IMO golf courses are just people-friendly dog parks! I love it that it snowed so I can take the dog I walk out with my dogs and we have the golf course all to ourselves! (sorry if they're bad quality, I took these on my phone)

Milo and Pennywise having a good time in the snow! We heard some coyotes on this side of the course and decided to go to the more populated end instead.










*RUN AWAY!!*!










Maxx trying to get Milo to play with him. 










Pennywise and her over-sized pink coat.


----------



## Rexandbaby (Aug 4, 2008)

What a great place to let them run!:biggrin:


----------



## TurnerPack (Aug 22, 2008)

I wish I got snow like that! Well I am in Vegas and we actually have had snow!! It's crazy. Snow in Vegas? The Strip was covered last night. It was just weird lol


----------



## rannmiller (Jun 27, 2008)

Haha, I'm from Reno, and according to the news, you guys probably got more snow than we did!


----------



## TippysMom (Oct 3, 2008)

Those are great pics! In my opinion - dog park is a much better use of the space than golf course!


----------



## ChattyCathy (Nov 22, 2008)

I LOVE THE PICTURES! Freedom!!! Looks like fun!  I'm from the midwest and I love the snow as much as my big dog - mess and all - we are expecting 8" - 11" of snow and the snow is still going strong. My big dog (60#) loves the snow and it's so much fun to watch her play but my little dog (20#) gets cold fast and I have to shovel a trail for her just to go potty. (I'm kinda slow... what does "IMO" mean? Is it the name of the Golf Course? There are so many pseudonyms and I only know one, IM = Instant Messaging. I hope that's what IM means. Anyways, I'm so new at this stuff.)


----------



## rannmiller (Jun 27, 2008)

IMO = In my opinion *smiles*

I grew up in the midwest, that is waaaaaay too much snow for me!


----------



## LoveNewfies (Jun 18, 2008)

Snow in Nevada?

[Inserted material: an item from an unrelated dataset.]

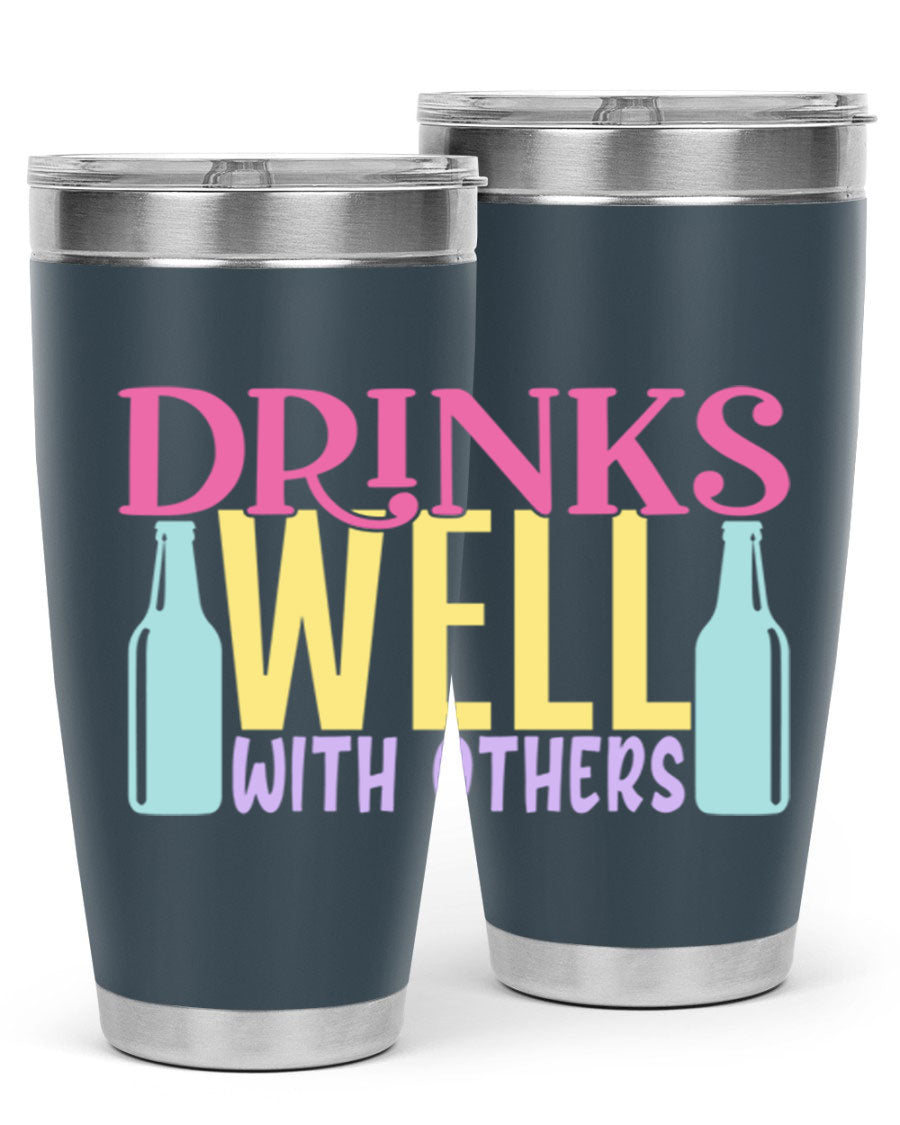 Drinks Well With Others 129# Beer Tumbler in stainless steel with a sleek design, showcasing its double wall vacuum insulation.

Wow, lucky you! Looks like the dogs had a great time.


----------



## rannmiller (Jun 27, 2008)

Pshh, everyone forgets that there's more to NV than Las Vegas. Northern NV gets covered in snow every year. And Vegas still gets pretty darn cold. In this year's case, it gets blizzards hehe.


----------



## LoveNewfies (Jun 18, 2008)

You are right - most of us not near Nevada do think of Vegas. Those of us in New England long to be in warm Nevada this time of year. Snow is falling at a rate of 3 inches an hour here right now.


----------



## rannmiller (Jun 27, 2008)

Haha wow! Ok New England wins the snow fall for sure! Northern NV (well, Reno anyway) usually has mild seasons as compared to most places. We get snow, but not a ton of snow. We have hot summers, but not excruciatingly hot, etc. And then, of course, we also have beautiful mountains that are always pretty to look at.


----------



## LoveNewfies (Jun 18, 2008)

I love the mountains. But, yes, we have snow fall up here. Too much last year and it's looking like this year is going to be just as bad. 

I hike a lot of the New England mountains during the warmer months. Even then, there are warning signs posted when you hit certain elevations regarding temperatures, winds, ice and snow. I hiked one a couple of years ago, might have been Tuckermans Ravine although I'm not certain, in September and when I got to the top it was soooooo cold, people were huddled together to keep warm.

Anyway, snow is falling like crazy now.


----------



## ChattyCathy (Nov 22, 2008)

Enjoy the snow! We got over 9" by 11 this morning. Looks like it's your turn now. (I'm from the midwest -- northern Illinois)


----------